[DATA SHOWN Boundary: Start]
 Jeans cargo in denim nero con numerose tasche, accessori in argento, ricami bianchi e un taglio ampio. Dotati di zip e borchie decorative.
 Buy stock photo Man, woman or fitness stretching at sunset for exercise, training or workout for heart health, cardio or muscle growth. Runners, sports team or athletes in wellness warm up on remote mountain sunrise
[DATA SHOWN Boundary: End]
[DATA SHOWN Boundary: Start]
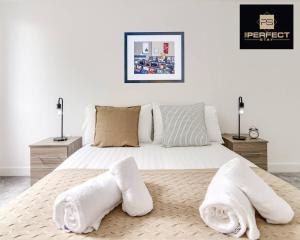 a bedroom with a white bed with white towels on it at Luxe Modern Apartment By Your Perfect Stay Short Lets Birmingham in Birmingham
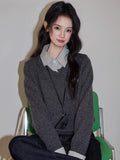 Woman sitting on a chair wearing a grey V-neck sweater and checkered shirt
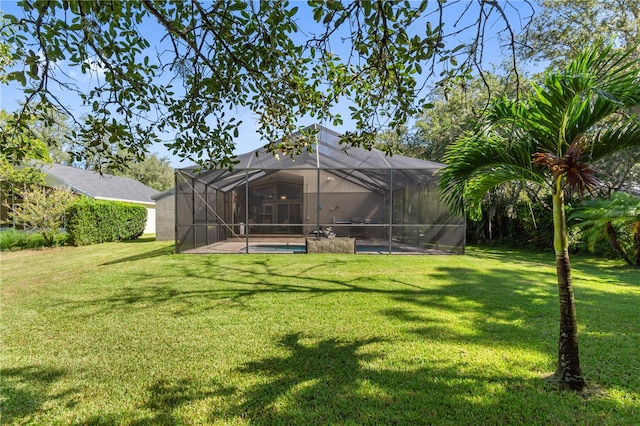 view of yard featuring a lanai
[DATA SHOWN Boundary: End]
Copy out the range of lines above starting at the line with "Jeans cargo in" and ending at the line with "Buy stock photo", exactly and including both.

TASK ANSWER:
 Jeans cargo in denim nero con numerose tasche, accessori in argento, ricami bianchi e un taglio ampio. Dotati di zip e borchie decorative.
 Buy stock photo Man, woman or fitness stretching at sunset for exercise, training or workout for heart health, cardio or muscle growth. Runners, sports team or athletes in wellness warm up on remote mountain sunrise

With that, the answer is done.